This is a favorite with my boys.  They like it just spread on bread and eaten open-faced.


Servings:  2 cups
Preparation Time:  15 minutes
Cooking Time:  1 hour


1 15-ounce can garbanzo beans, drained and rinsed
1 stalk celery, finely chopped
¼ cup finely chopped onion
¼ cup finely chopped green onion
1 tablespoon lemon juice
¼ cup fat-free mayonnaise or Tofu Mayonnaise (see hint below)


Place the beans in a food processor and process until coarsely chopped or mash with a bean masher.  Don't over process to a smooth consistency.  


Place in a bowl and add the remaining ingredients.  Mix well. 


Chill at least 1 hour to blend the flavors.  Serve as a sandwich spread, rolled up in a tortilla, or stuffed into pita, topped with your favorite summer veggies.


Hint:  This newsletter has many versions of Tofu Mayonnaise in past issues or there is also a recipe in The Starch Solution book.  Naysoya Nayonaise also makes a low fat mayonnaise from tofu.

More Summer Recipes
By Mary McDougall

I am always looking for easy recipes for summer, too.
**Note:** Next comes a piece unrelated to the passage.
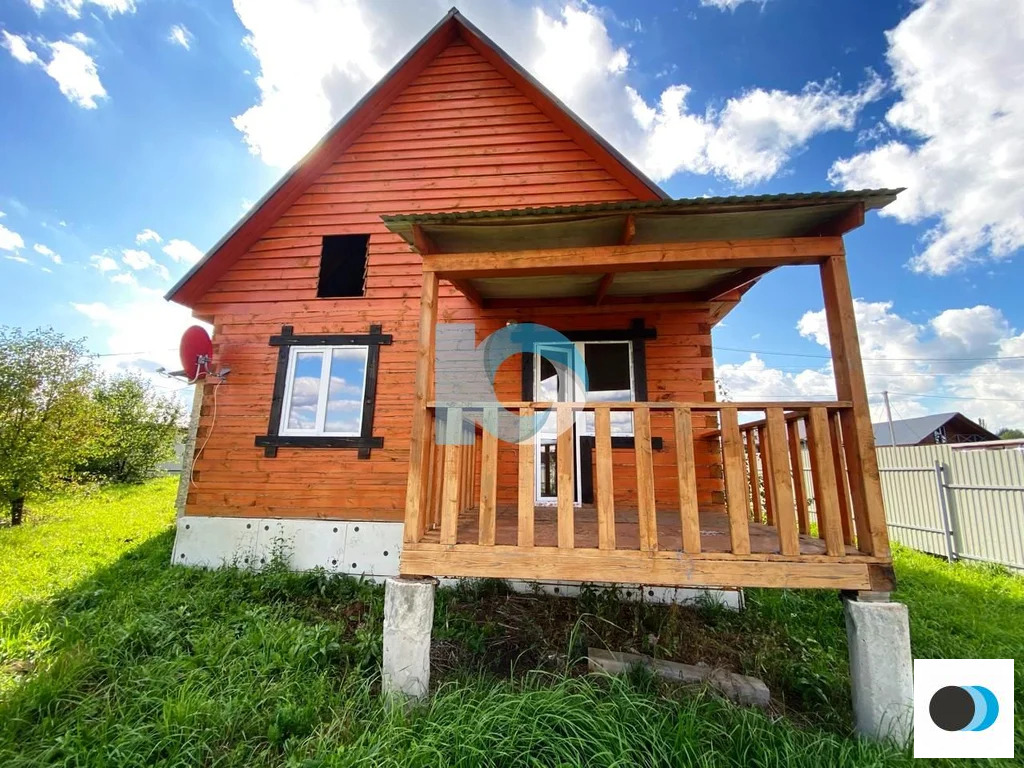 Продажа дома, Иглино, Иглинский район, улица Боткина - Фото 5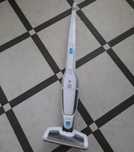 Пилосос ручний для дому Electrolux EERC72IW (на запчастини)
No one seems to spend as much time in the kitchen in the summer as they do in the winter.  Could be they would rather be outside enjoying the nice weather?  I still don't stray too far from John and my favorite meals though:  beans and rice.  I just top them with more fresh garden veggies, depending on what is available in my garden or at the market.


Burrito Bowl
This is our latest favorite meal.  I vary the beans used several times a week, and also the veggies and salsa, so the meal is different every time I serve it.  I serve this in 8 inch round "pasta" bowls so there is plenty of room for all of the ingredients and we often eat this outside on our deck making it a one dish meal.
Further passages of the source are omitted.